By wisdom I mean that if there is an anger or fear that comes up, I can let it go by. I don't have to hold onto it.

Q: You focus a lot on helping middle-aged and older people discover yoga and your most recent book is "Lilias! Yoga Gets Better with Age" (Rodale, $22.95). What are some of the benefits?

A: What I do is say mid-aged and beyond. I'm sensitive about that. ... I have older students and I have students of all ages, size and shapes and all degrees of experience and I love that. I want to help people take the first steps with yoga.

It's easier to walk, stand, sit and sleep. ... I think mid-aged and beyond are looking at ways to maintain our health in our maturing years.

Q: What should someone look for in a good yoga instructor?

A: If you feel well and happy and energized at the end of the yoga class, chances are you are in good hands. In today's yoga world, many teachers are registered with the Yoga Alliance and that requires 200-500 hours of study. I'm a member of that. I'm an E-500 registered yoga instructor.

Q: What is a 1-minute vacation?

A: It's an experience that I bring into a yoga class. You just close your eyes and go into vacation mode.

What do you do when you're on vacation? If you're on vacation, you sigh, you say, "Isn't this pleasant?" You smile. For 30 seconds you just are on this desert island and it's the oasis within you.

Q: How often do you recommend that people do that?

A: If we think about it once a day, we're doing darn well. That's the good part of our yoga classes -- taking some nourishing part like that and putting it into your life.

Q: What would people be surprised to know about you?

A: One, I love to learn Italian. I love Italy and I love the language and I study Italian. Two, I love opera. I love to study opera and I love learning about it. Those are two of my passions. And I guess it's pretty obvious -- I adore my seven grandchildren.

Q: How has the practice of yoga changed over the years?

A: Big changes, big changes. One is that in the '60s everyone did the yoga postures the same way ... every age, no matter what, everyone did the postures the same way.

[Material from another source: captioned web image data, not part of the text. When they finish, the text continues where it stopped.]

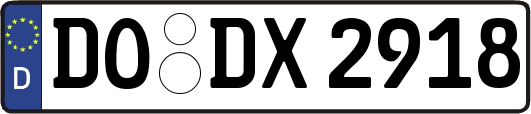 DO-DX2918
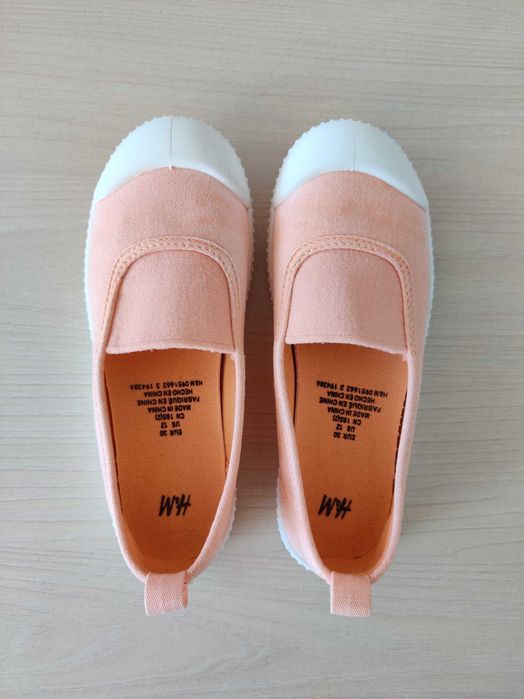 Гуменки тип пантофки H&M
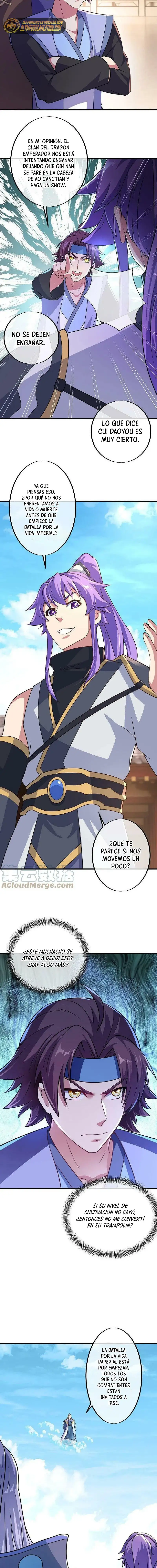 Peerless Battle Spirit - Capítulo 449 - Página 8 - LectorTMOo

And frankly there were a lot of injuries. And that's where my teaching started to flower because I could see that there were problems.

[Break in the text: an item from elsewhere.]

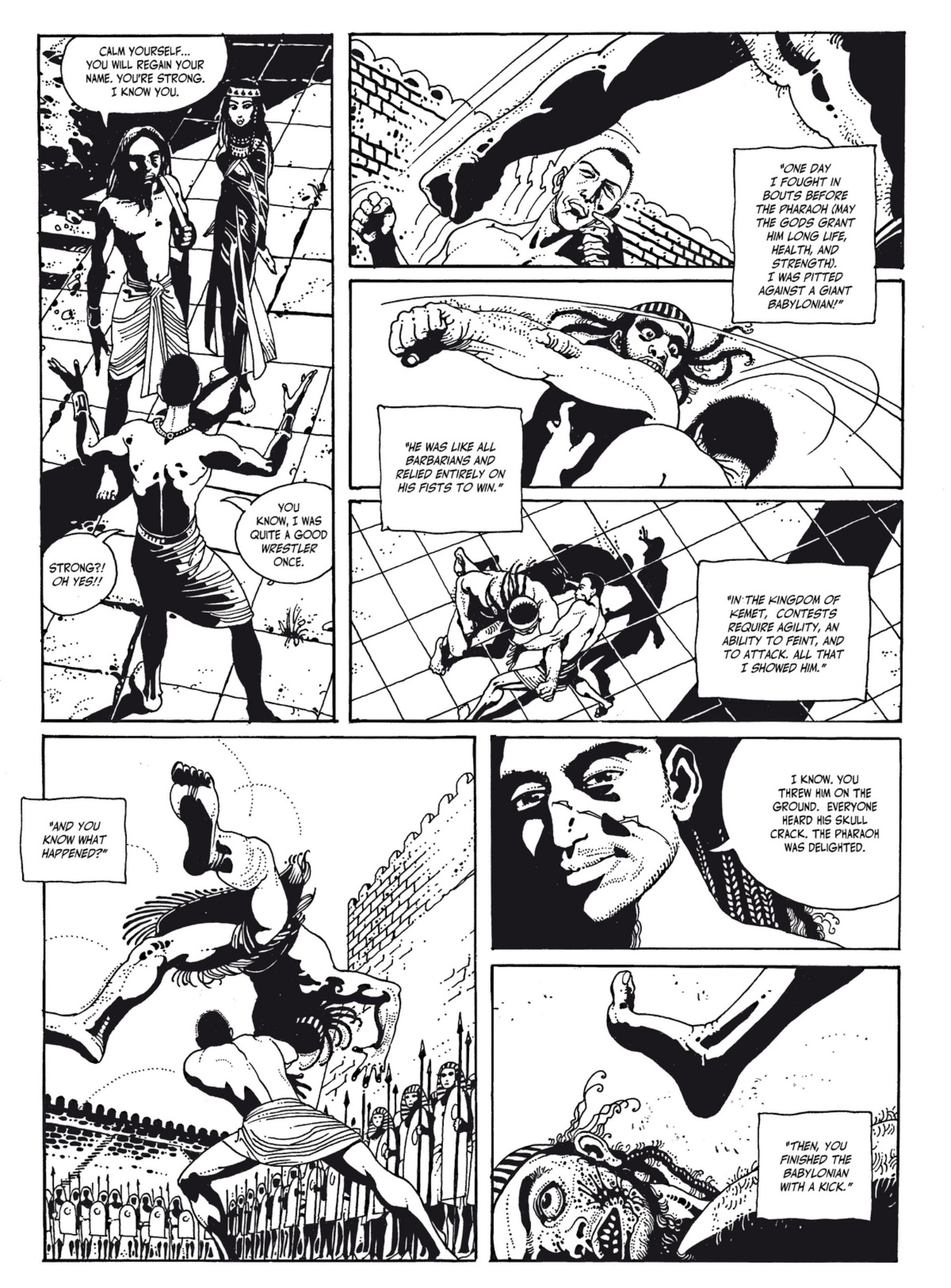 Read online The Egyptian Princesses comic -  Issue # TPB 1 (Part 2) - 15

Today there is alignment, props, consideration for age, yoga therapy. ... Now today there are many cautions. "If you can, do it this way, try it this way." There's also a huge respect from the medical community for the value of yoga postures, breathing and relaxation in managing stress.

It really is detrimental to your health to stay in a toxic body. And it's easy to turn around and it's fun. ... I want to have a good time. The joy is in the journey.